I keep re-writing this information every few years, so I thought I would post it here for posterity. The premise is that the configuration management of Relational Databases is hard.
(This message also has pointers to more information, but it is limited)
Why is that?
- Databases contain multiple levels of information. i.e.
- The database schema which lays out the tables, attributes, constraints i.e. the creation and modification of database objects
- The core data required to get any applications running and doing nothing. e.g. in a banking system this might be a list of ISO currency codes. Such data can be considered mostly invariant
- More frequently changing application data required for the application to start. E.g. in our banking system it could the currency conversion rates. This is distinct from transaction data accumulated as the system is used.
- transaction data accumulated as the system is used. This is the "production" data, however there also has to be a way to populate test and development systems with test versions of this data
- Possibly the configuration of the actual DBMS software and storage -- however that is usually handled separately.
- The data is stored in opaque formats that cannot be parsed by external tools
- The amount of information may be large
- Databases need to be build and populated with data for a variety of purposes
Note that this discussion does not discuss the issue of service continuity (disaster recovery) as that is outside the scope of SCM and is an operational issue.
- A new installation is to be created (at a specific release number) in an empty database environment.
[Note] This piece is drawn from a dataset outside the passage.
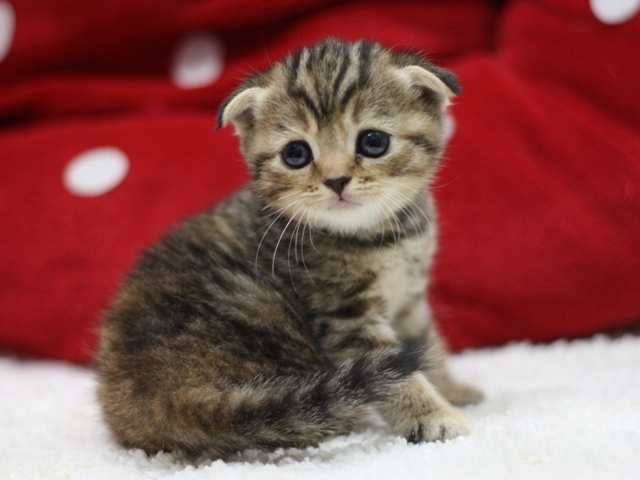 スコティッシュフォールドの子猫画像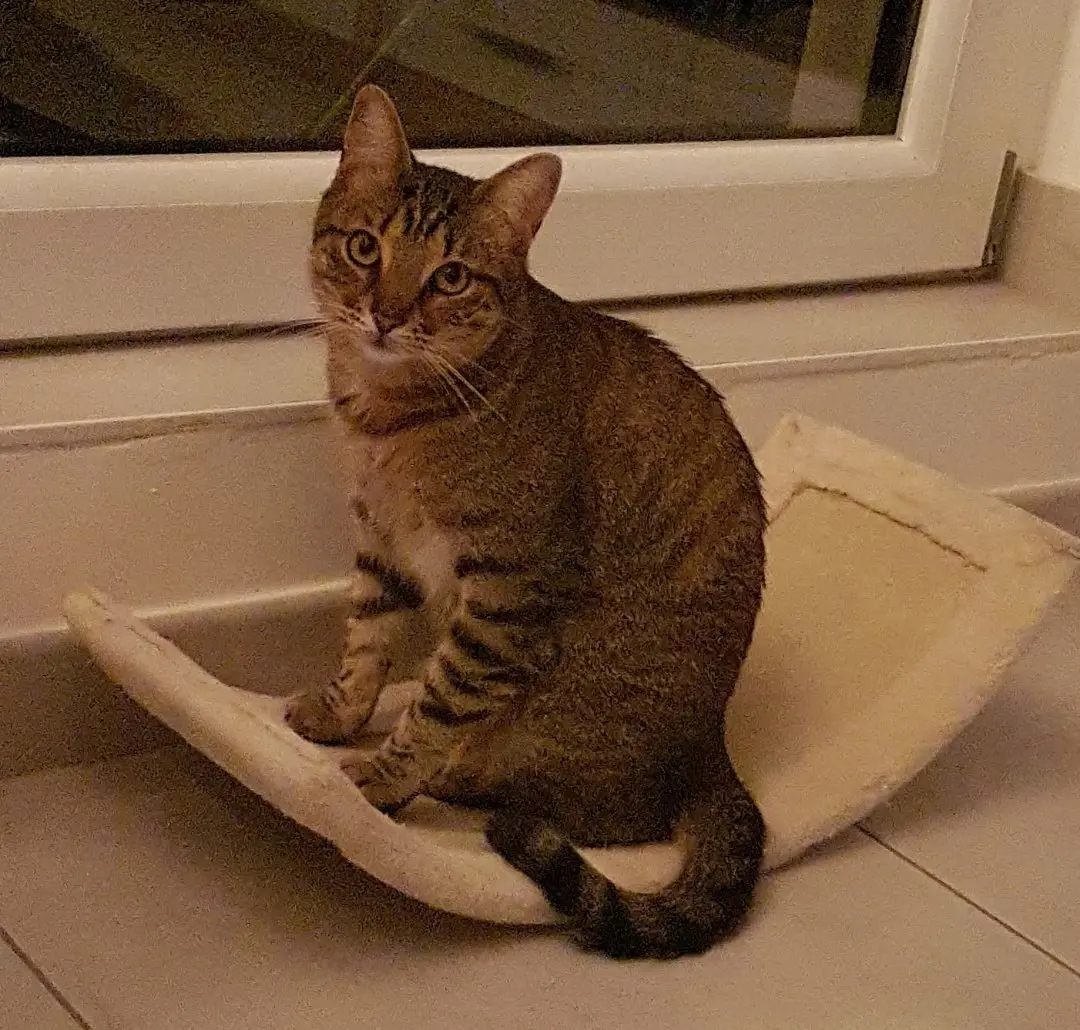 Chat Perdu 67 Bas-Rhin - Gribouille Chat Perdu 67 Bas-Rhin - Gribouille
Empty in this context means there is no existing data related to this database schema and data in the new system
- An existing system, currently at a previous release, perhaps more than one release ago, needs to be upgraded to later release.
- An environment needs to have it's static data re applied
- A test environment needs to have a specific set of test data applied
There are various tools supplied by vendors e.g. preserving the schema data in a 3rd party tool which generates the appropriate scrips or DBMS tools. As all these tools are closed then all you have done is moved you lack of control from the database to somewhere else i.e the new tool. It is likely that you are unable to fulfil the Identify/Control/Accounting/Auditing requirements of CM.
A second alternative is the manual maintenance of SQL scripts to maintain the database. i.e. to create tables etc (DDL) and load data (DML).
Two sets of the DDL needs to be maintained for each DBMS object -- one to upgrade the definition of the object from the previous version, without deleting data, and a second to create the object from new. The obvious disadvantage with this approach is the skill and time involved. However it is transparent and uses artefacts that can be controlled using conventional CM techniques.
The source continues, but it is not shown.